(RECORDS FOR PROCESSING begins)
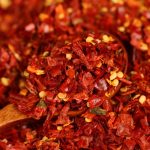 Xiaomila crushed chili flakes on a wooden spoon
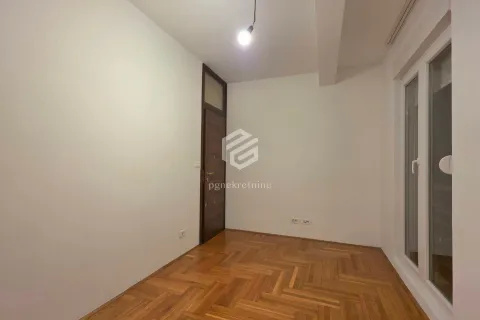 Empty room with parquet flooring and a door. - image 8
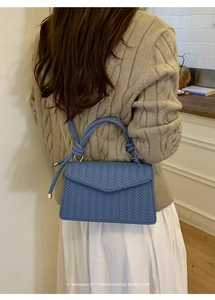 Blue woven crossbody bag worn by a model showcasing its chic minimalist retro aesthetic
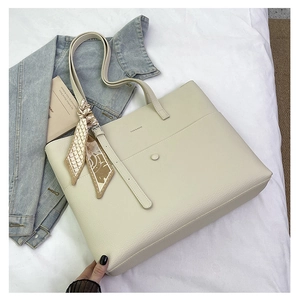 Detail of cream tote bag with pebble leather texture and decorative patterned scarf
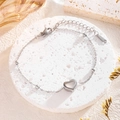Minimalist stainless steel heart charm bracelet on white stone with floral accents - Heart Bracelet / Silver
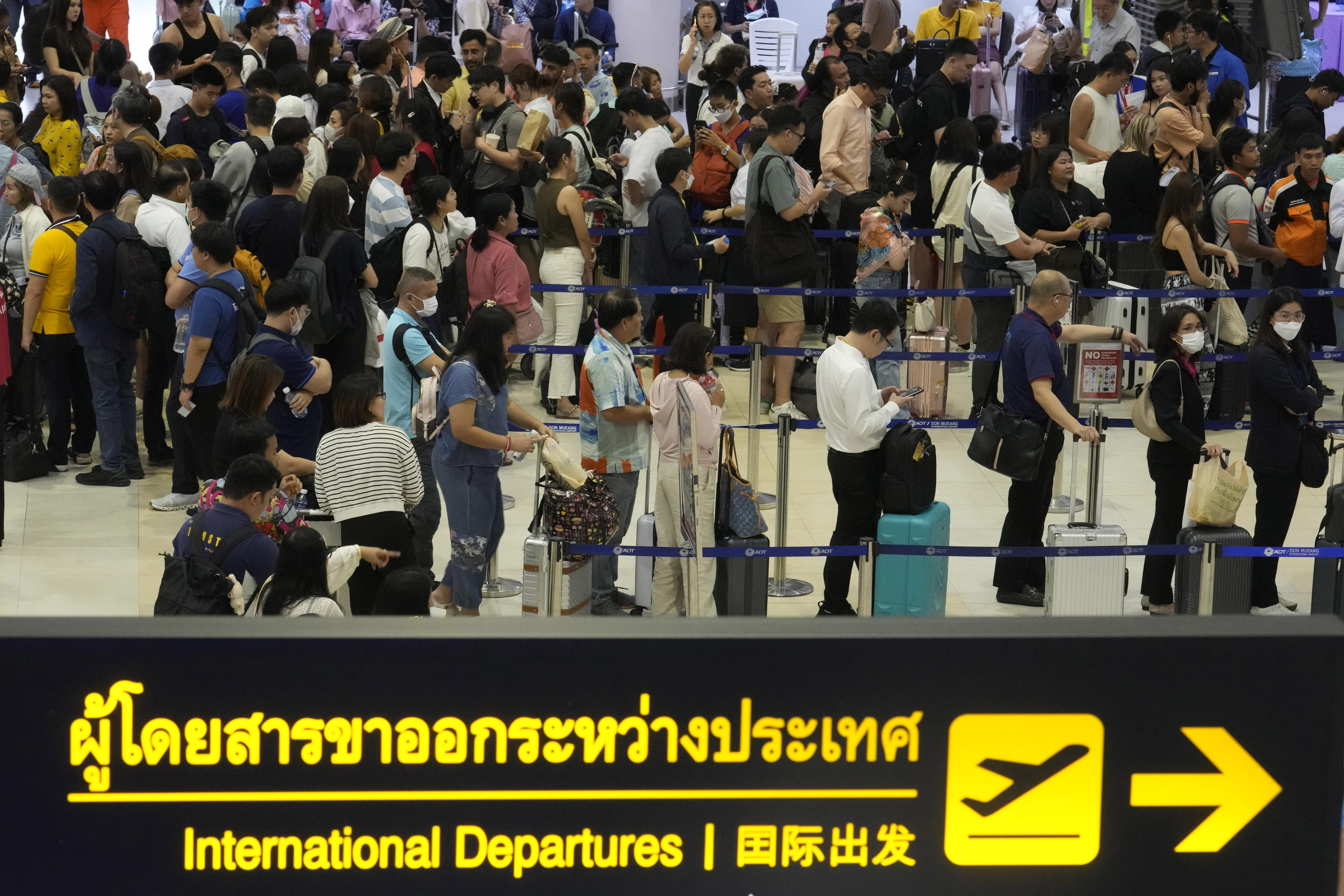 Passengers wait to check in at Bangkok's Don Mueang International Airport.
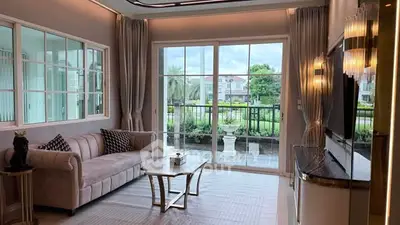Luxurious living room with elegant decor and large windows offering a stunning garden view.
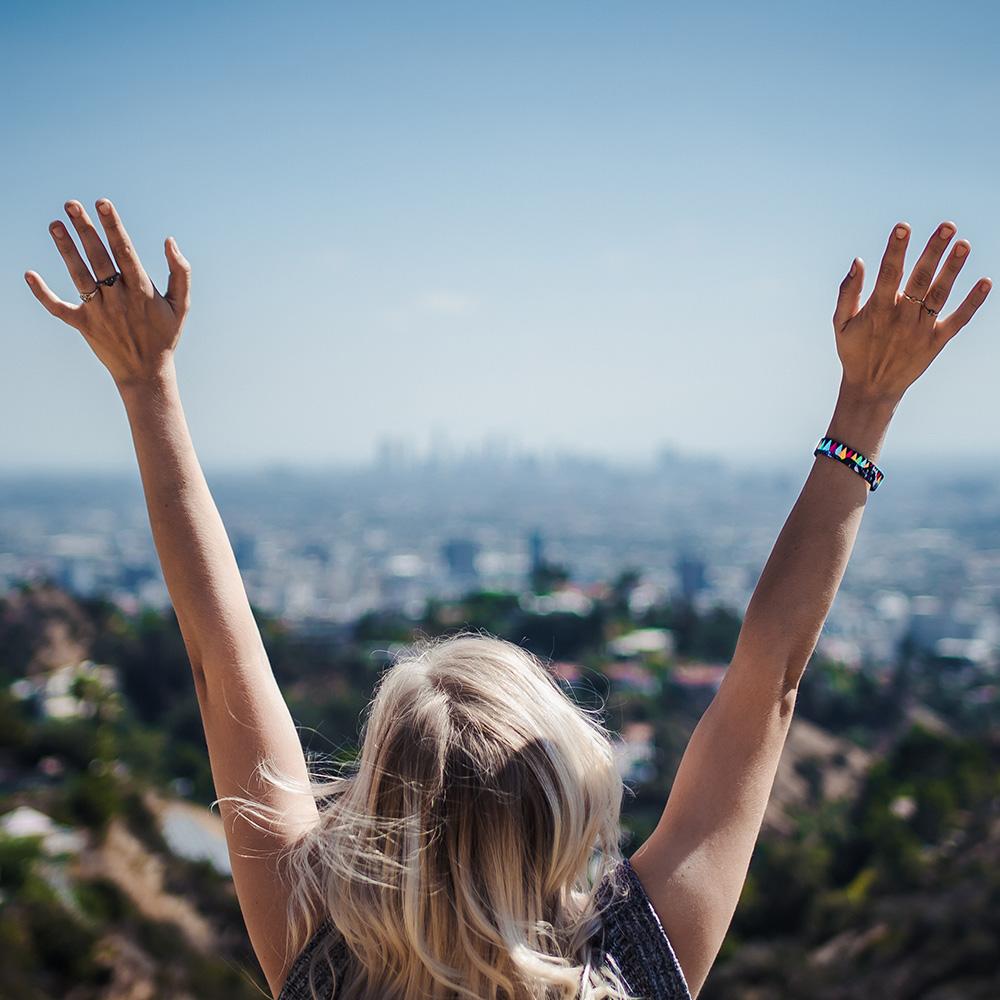 Lifestyle image of someone raising both their hands to the sky with a Bold Imperial on their wrist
(RECORDS FOR PROCESSING ends)
=== WORK REQUIRED ===
The reply should hold exactly the lines above, starting at the line with "Empty room with" and ending at the line with "Minimalist stainless steel", and no pictures.

=== REPLY TO THE EXERCISE ===
 Empty room with parquet flooring and a door. - image 8
 Blue woven crossbody bag worn by a model showcasing its chic minimalist retro aesthetic
 Detail of cream tote bag with pebble leather texture and decorative patterned scarf
Minimalist stainless steel heart charm bracelet on white stone with floral accents - Heart Bracelet / Silver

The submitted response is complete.